James Smith, Economist at ING, notes that the UK retail sales surged by 2% in October as consumers continue to be fairly unfazed by Brexit. But the risk of falling real wages next year could dent spending and we think the Bank of England will cut rates again in 2017.
“There are number of reasons why today’s figures are so strong (in fact, at 7.6% YoY ex. auto fuel, the strongest since 2002). Anecdotal evidence suggests that spending by foreign visitors has increased markedly given the weaker pound. Consumer confidence has remained fairly resilient, perhaps partly in response to the BoE’s swift actions back in August. But we also think there may be a statistical factor at play: retail sales has been particularly volatile for the past year, which leads us to take today’s figures with a certain pinch of salt.”

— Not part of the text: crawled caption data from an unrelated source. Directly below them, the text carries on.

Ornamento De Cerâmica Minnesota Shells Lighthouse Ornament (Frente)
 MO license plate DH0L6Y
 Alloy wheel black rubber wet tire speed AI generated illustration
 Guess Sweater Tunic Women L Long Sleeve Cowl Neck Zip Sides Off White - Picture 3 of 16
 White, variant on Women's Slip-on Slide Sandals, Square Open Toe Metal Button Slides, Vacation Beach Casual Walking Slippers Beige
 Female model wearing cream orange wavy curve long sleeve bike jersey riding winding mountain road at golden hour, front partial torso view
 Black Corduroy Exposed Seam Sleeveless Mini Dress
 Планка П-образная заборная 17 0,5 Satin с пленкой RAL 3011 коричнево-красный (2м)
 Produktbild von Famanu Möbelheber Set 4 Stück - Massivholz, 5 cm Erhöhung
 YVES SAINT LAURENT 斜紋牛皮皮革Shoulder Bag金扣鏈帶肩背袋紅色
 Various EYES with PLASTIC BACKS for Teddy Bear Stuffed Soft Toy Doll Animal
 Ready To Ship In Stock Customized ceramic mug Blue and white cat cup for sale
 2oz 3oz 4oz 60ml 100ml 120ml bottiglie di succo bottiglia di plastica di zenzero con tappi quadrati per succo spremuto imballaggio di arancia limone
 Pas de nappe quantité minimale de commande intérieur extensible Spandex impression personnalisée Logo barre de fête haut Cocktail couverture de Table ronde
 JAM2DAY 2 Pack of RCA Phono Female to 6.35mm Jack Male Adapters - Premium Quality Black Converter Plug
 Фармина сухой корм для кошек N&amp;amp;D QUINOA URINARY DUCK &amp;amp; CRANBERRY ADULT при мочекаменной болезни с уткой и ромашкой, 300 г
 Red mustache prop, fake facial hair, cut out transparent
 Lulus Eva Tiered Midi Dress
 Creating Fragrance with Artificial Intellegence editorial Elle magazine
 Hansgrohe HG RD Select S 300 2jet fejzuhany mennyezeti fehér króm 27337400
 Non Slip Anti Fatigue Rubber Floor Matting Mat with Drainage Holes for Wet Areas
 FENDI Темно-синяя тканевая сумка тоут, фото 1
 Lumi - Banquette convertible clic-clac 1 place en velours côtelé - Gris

“But either way, the key point is that downside risks lie ahead. With inflation likely to soar in 2017 (we think CPI could hit 2% in the first half), real wages look set to start falling fairly rapidly. In the absence of a fuel price shock or VAT increase on the horizon, a full-scale return to the “cost of living crisis” of 2011 seems unlikely. But falling real wages, potentially higher unemployment (hiring surveys continue to paint a concerning picture) and possibly even some house price softness could be a major headwind to consumer spending and overall growth next year. After all, consumption has been the main (and sometimes the sole) driver of GDP growth over recent years.”
“Markets think there is a higher chance of a rate hike than a cut after June 2017. But given the downside risks to growth, we think markets are underpricing the risk of further Bank of England easing and we look for a 15bp rate cut in the first half of next year.”